|Mahiga, Nyeri District, Central Province, Kenya
|1500 residents of Mahiga
|St. Joseph Mahiga Primary and Secondary School
|Architecture for Humanity
|Greg Elsner, Michael Jones
|Dick Clark Architecture
|Boslika Building Contractors (general contractor), Chaga Electricals (mechanical contractor), Gumbi & Associates, Samuel Maina Ndlrague (Water Tank Contractor)

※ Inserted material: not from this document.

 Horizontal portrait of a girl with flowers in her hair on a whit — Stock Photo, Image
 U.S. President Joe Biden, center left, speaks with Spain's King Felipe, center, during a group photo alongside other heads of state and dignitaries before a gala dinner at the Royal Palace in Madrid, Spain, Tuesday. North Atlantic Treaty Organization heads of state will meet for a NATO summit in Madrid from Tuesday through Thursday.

|Mazingira & Engineering Consultants
|Architecture for Humanity; Nike; Nobelity Project; Willie and Annie Nelson
|$84 150 USD
|4850 sq ft/437 sq m
|30 000 liters
The whole community attended the opening of the rainwater court. Photo: Michael Jones/Architecture for Humanity
It started with a tree. Joseph Mutongu, a local conservationist, wanted to introduce a tree growing program at the school his son attended. The Mahiga Hope School is located in a dusty rural village in the Aberdare Mountain Range in central Kenya. Most families are subsistence farmers and at the time were in the midst of a four-year drought. The school needed water to allow the tree to grow, but more importantly to provide some clean drinking water to its students. Joseph took it upon himself to find a way to make it happen.

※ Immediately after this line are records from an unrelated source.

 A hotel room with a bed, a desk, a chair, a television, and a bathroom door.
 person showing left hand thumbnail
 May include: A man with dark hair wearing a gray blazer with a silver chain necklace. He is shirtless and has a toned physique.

There were three options—to rely on the municipal waterline, which worked two weeks of the year; to drill an expensive bore well; or to develop an off-grid rainwater catchment system. A chance encounter with Turk and Christy Pipkin of the Nobelity Project created the opportunity of the third option. In 2008, Joseph, Turk and the school installed a simple gutter system on one of the school’s wooden structures. Rainwater was collected in a small tank and then they used an ultraviolet system to purify the water. For a few thousand dollars, the school suddenly had access to a small supply of water. The team then had a bolder idea, to provide water for every student all the way to the end of high school.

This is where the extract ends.